Where Database Technology Meets Model-Driven Engineering - Rethinking Internal Data Representation in Genus App Platform
Abstract
Research has recently shown a keen interest in database technology for analytical workloads that enables high-performance analysis and on-the-fly aggregation, where the main motivation is Business Intelligence and Business Discovery products. Such products store data in main memory as compressed columns to maximize memory utilization and CPU throughput. Model-driven Engineering, a discipline that aims to increase developer productivity through the use of models on a higher level of abstraction, automates many of the complex programming tasks, like persistence and interoperability. One such product, Genus App Platform, has evolved over time and become a powerful and expressive tool for rapid application development. However, operations that process and analyze large amounts of data are slow, and the platform has a high memory footprint, mainly because no particular attention has been paid to storage format and structures in the source code. Based on the observation that Genus App Platform has many similarities with an in-memory database, we are motivated to investigate if the challenges in Genus App Platform can be overcome by applying techniques used in read-optimized databases.
In this research, we enhance data representation, implement column storage with dictionary encoding and bitpacking in Genus App Platform to reduce memory footprint and increase the platform's ability to handle and analyze large datasets. We identify core operations that can exploit the new storage format, like join and filter operations. We test our implementation using a benchmark for analytical workloads while monitoring that transactional performance is not negatively affected.
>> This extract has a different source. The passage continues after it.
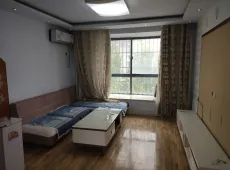 德城区|乾城尊府2室2厅1卫出售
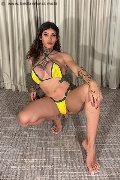 Foto Hot Sabrina Prezotte Pornostar Annunci Trans Salerno 3409913678 - 25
In Genus App Platform, column storage with dictionary encoding, bitpacking, and null pointer compression leads to a memory reduction of 67 \% and a load time reduction of 36 \% for the TPC-H inspired Data Mart Load Benchmark. Also, operations that are adjusted to utilize the column storage format sees a performance impact of one, two, and even three orders of magnitude compared to the original implementation. The new internal data representation in Genus App Platform does not significantly reduce transactional performance. Thus, by using Genus App Platform as a proof-of-concept, we have shown how techniques used by read-optimized databases increase Model-Driven Engineering versatility by enabling such tools to handle and analyze large datasets.